Jean Meyer, who wrote about the conflict, said: «First of all, let’s say that the Cristeros were not church people, nor were they Catholic politicians, nor were they lackeys of the bishops, nor were they instruments of the league.»
There is another work by Meyer on the subject that is a collection of handwritten documents which, he notes, have not been verified or published and whose intention was to leave a record for future generations. Most of these documents were written many years after the Cristiada. One, a letter from 1968, reads:
“On June 21, 1929, the aforementioned arrangements for the religious conflict were made, and the gentlemen who intervened in said arrangements should not have allowed us to hand over our weapons because those weapons cost us many lives, much blood. We risked our lives to remove those weapons, and it is neither possible nor fair that after so much suffering and work like the ones we went through, we are going to hand over our weapons, but to obtain priestly orders, we went to hand over our weapons and told our enemies, ‘Here are the weapons that we took from you on the battlefields since you could not take them from us. We came to bring them to you; they are no longer useful to us, but in the future, others will take them away from you, and then they will not give them again.’ And our enemies, thirsty for revenge, then began the war against the defenseless Cristero chief, and we were now free of the commitment we had against the government defending our religion. I went to Durango to look for my family, whom I had not seen for a long time. I did not struggle much to find them, and when I was with them, I came up with the idea to make them part of history. That is what writing these lines has been. Santiago Bayacora. Coah. 1968.”

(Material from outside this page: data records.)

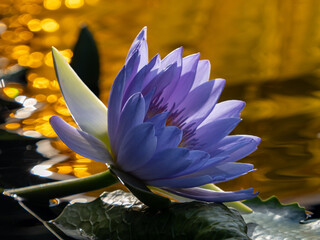purple water lily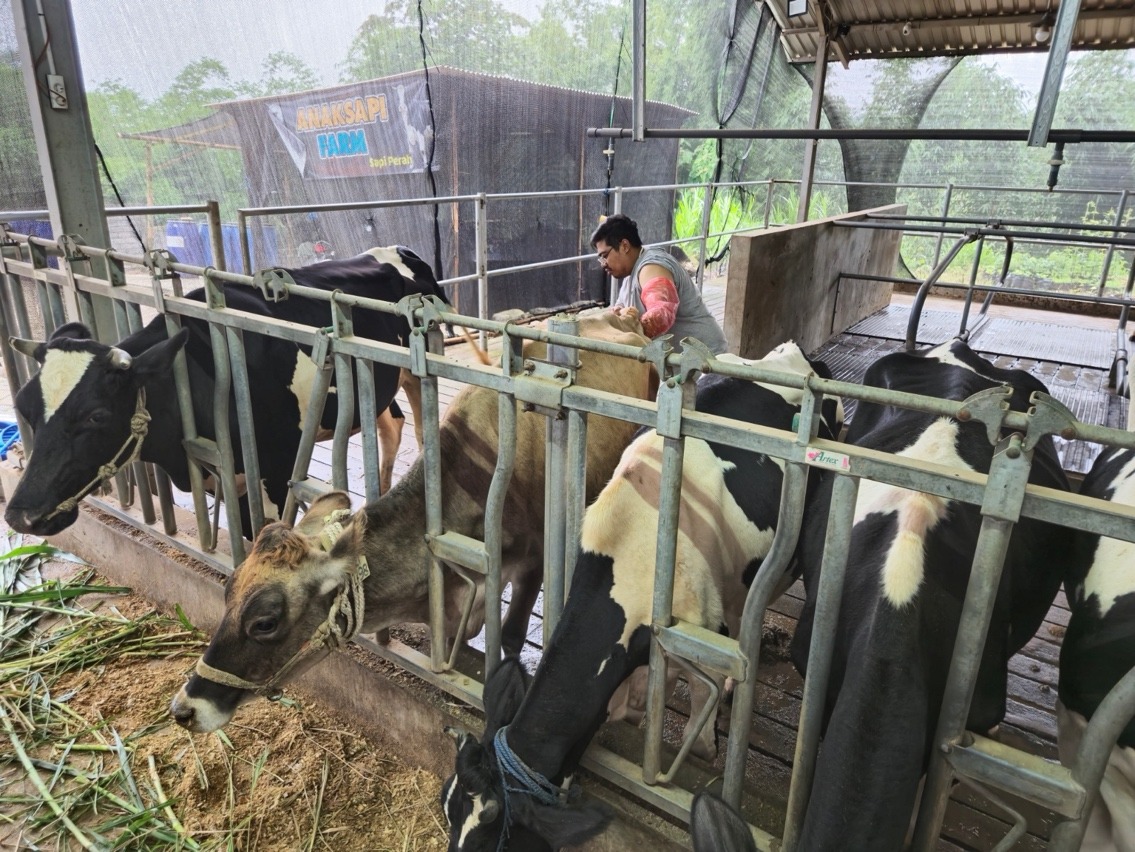 BRI Perkuat Ekonomi Lokal Lewat Program Klaster Unggulan Peternak Sapi Perah  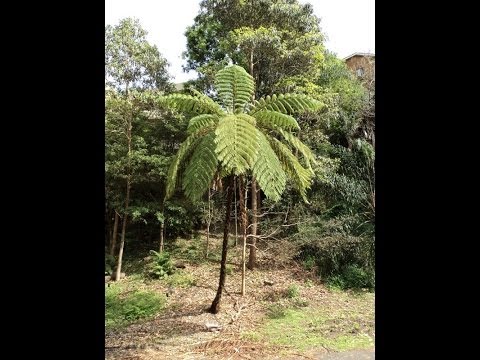 how to replant fern tree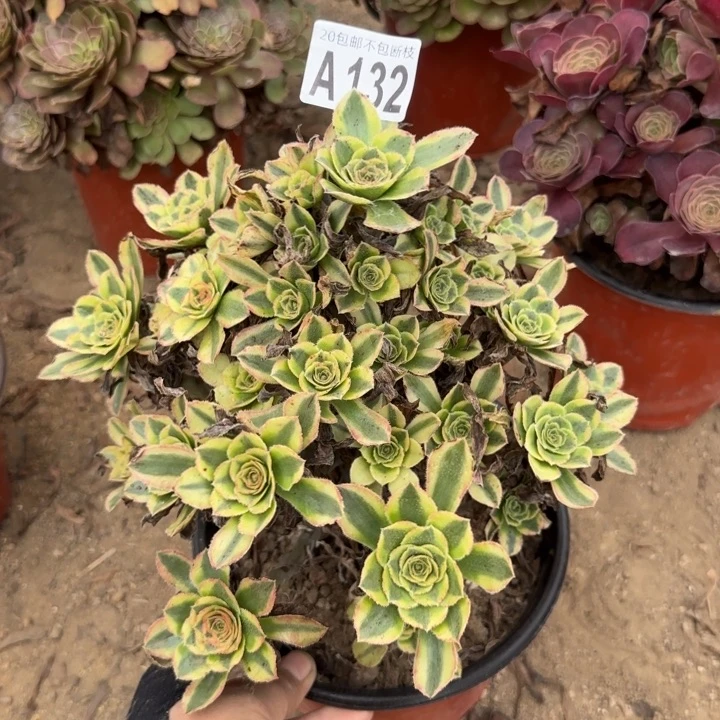 白兰地……多肉植物……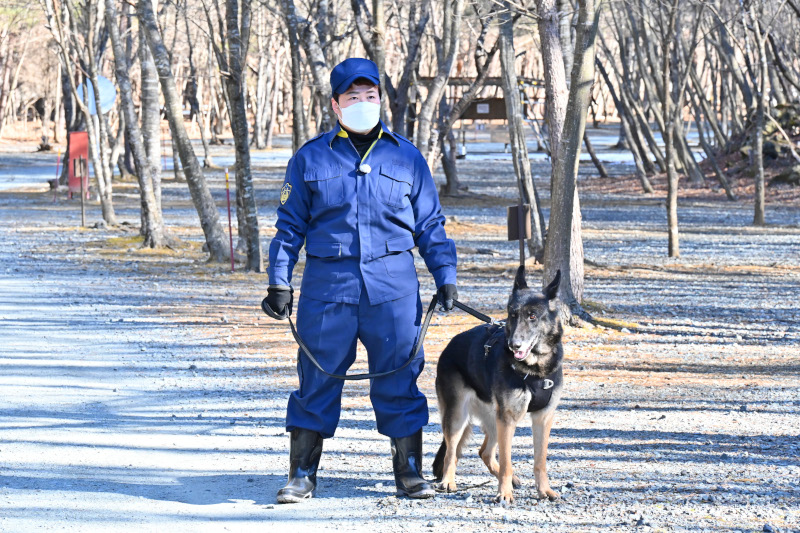 『天才vs大群』「警察犬vsサバイバル芸能人」ハリセンボンの近藤春菜と天才警察犬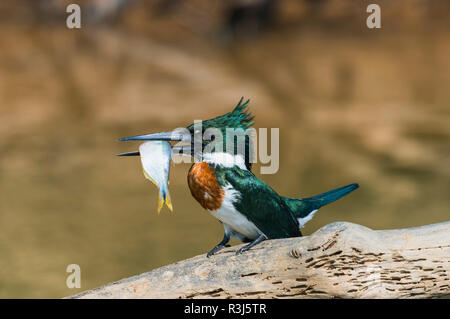 Green Kingfisher (Chloroceryle Americana) on a branch with a fish in the beak, Pantanal, Mato Grosso, Brazil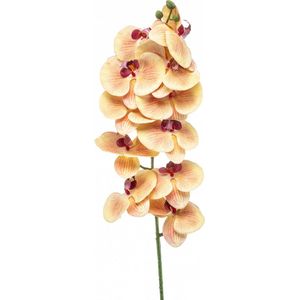 Fleurdirect Kunstbloem Phalaenopsis - Kunststof - Geel/Roze - 0 x 100 x 0 cm (BxHxD)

Even though the weapons were withdrawn, the conflict continued for several years. It left many dead, and the conflict worsened during the second Cristero rebellion between 1934 and 1938. Here in San Miguel, there were many robberies and desecrations of goods in Atotonilco and in the Franciscan convent.
However, today’s story is about Sidronio Muñoz—a young man whom urban legend turned into a martyr of the time of the Cristiada. He was tortured by agents of the federal government to disclose the location of the Cristeros. It was said that the soles of his feet were cut, and he was made to walk along the Corral de Piedras, where the Santo Niño de Atocha is located. They made him walk, carrying a cross, beating him, until he finally he died in a puddle of water. He was left in a cave near Agua Espinosa, and three months later, some went up and found him there. They said he looked as if he had just been killed. They placed him in a wooden coffin and took him to the Parroquia, where he was put into a crypt.

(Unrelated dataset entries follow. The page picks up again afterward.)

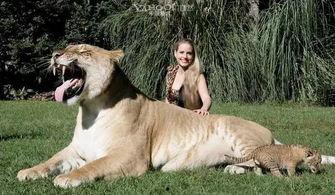 欧美成人与动物视频,伦理争议与法律边界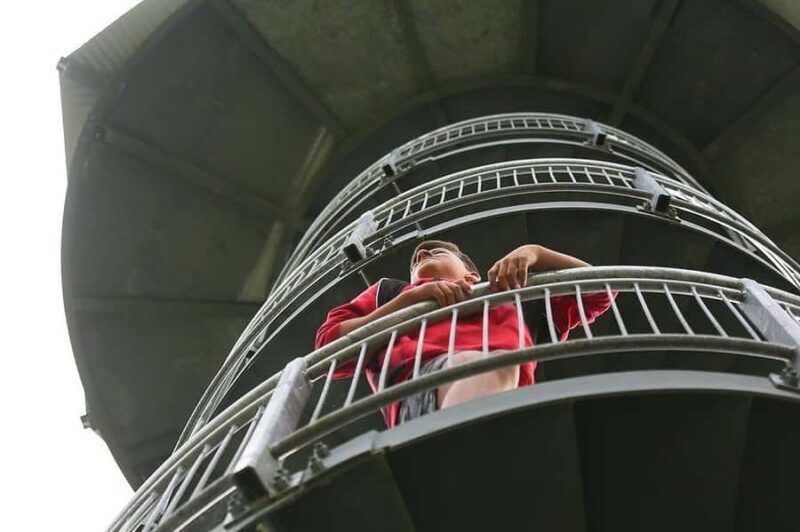 Hokitika: West Coast Treetop Walkway Entrance Ticket - What Makes the Hokitika Treetop Walk Special?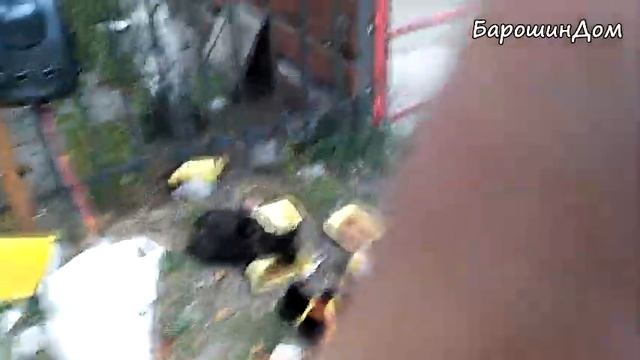 С 26 сентября по сегодняшний обед. В гостях у Наташи, Большие мусорные баки посреди парка смотреть онлайн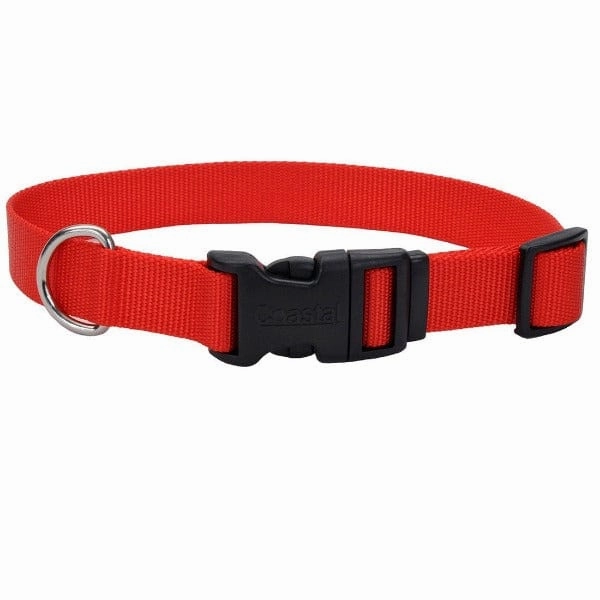 Coastal Adjustable Nylon Collar with Plastic Buckle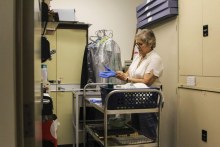 Janie Mason in storage room (ABC Radio Darwin: Emilia Terzon)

His tombstone reads: “To the memory of young Sidronio Muñoz R. July 11, 1899-August 13, 1929. The sacred spoils of one who offered to God his youth, his life, his everything; this must be a song of unique softness that springs, not from the soul, but of love, which is fire, life. Oh, you who praise God even in your own dust, make us love you to martyrdom! R.I.P. A remembrance by his mother, sisters, and friends.”
Over time, the townspeople began to bring flowers and candles to him in great quantities. The priest Enrique Larrea was annoyed when he saw the devotion that Sidronio had caused among the people, who considered him a martyr, a saint. His tombstone was removed, and his remains were deposited elsewhere in the same church to prevent the devotion from continuing.